Anal Electromyography (Anal EMG): This checks the health and electrical activity of the pelvic floor nerves and muscles, translating those into images and sounds.
Defecography: An x-ray of the area surrounding the anus and rectum indicates the patient’s ability to hold and void stool. It also shows any structural damage in the rectum, pelvic floor and anus.
Flexible Sigmoidoscopy or Colonoscopy: Similar to a regular colonoscopy, this test concentrates only on the lower colon and rectum to check for fecal incontinence. In some cases, if necessary, a small piece of tissue is harvested for a biopsy.
Fecal Incontinence Treatment
Diet: About 20 to 25 grams of fiber, along with plenty of water should slowly be introduced into the diet to counteract diarrhea and constipation. It’s always best to get fiber from natural sources, but there are plenty of flavored and unflavored fiber supplements on the market. We’ve come a long way from the phlegmy, thick, pasty drinks. Keeping a diary of foods that can aggravate incontinence is always a good idea too.
Bowel Training: It can take a few weeks to several months, but training your body to obey you by having bowel movements at certain times of the day can help minimize fecal incontinence.
Medication: If chronic diarrhea is a problem, bulk laxatives can help for more controllable and solid bowel movements. Antidiarrheal medications may also be prescribed.
Pelvic Floor Exercise and Biofeedback: Exercises targeted to strengthen the muscles on the pelvic floor by squeezing and relaxing can help with bowel function and control. Biofeedback, using sensors can make sure the correct muscles are pinpointed.
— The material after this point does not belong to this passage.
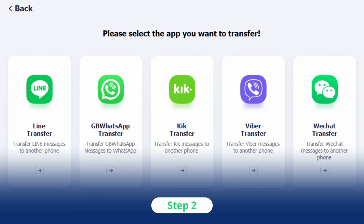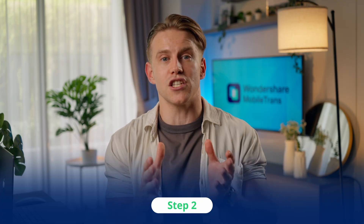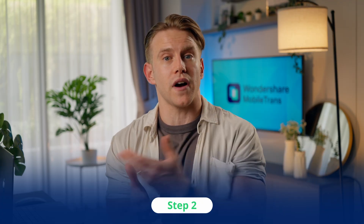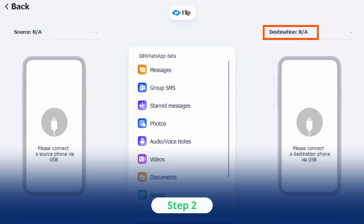Step 2: Once you've done that, attach both your devices to the computer via suitable cables. Then assign the correct position to each device, with the phone with GB WhatsApp being the source and the other one being the destination.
Surgery: Surgery is usually reserved as a final option, but when all other forms of treatment prove ineffective, it may be necessary. If so, you’ll receive a detailed description of all you need to know about the procedure and any possible risks associated with it.
You Don’t Have to Suffer
You don’t have to suffer with fecal incontinence. It can almost always be corrected with non-invasive methods. Sometimes, a more aggressive approach may be needed, but in almost all cases, the problem can be fixed.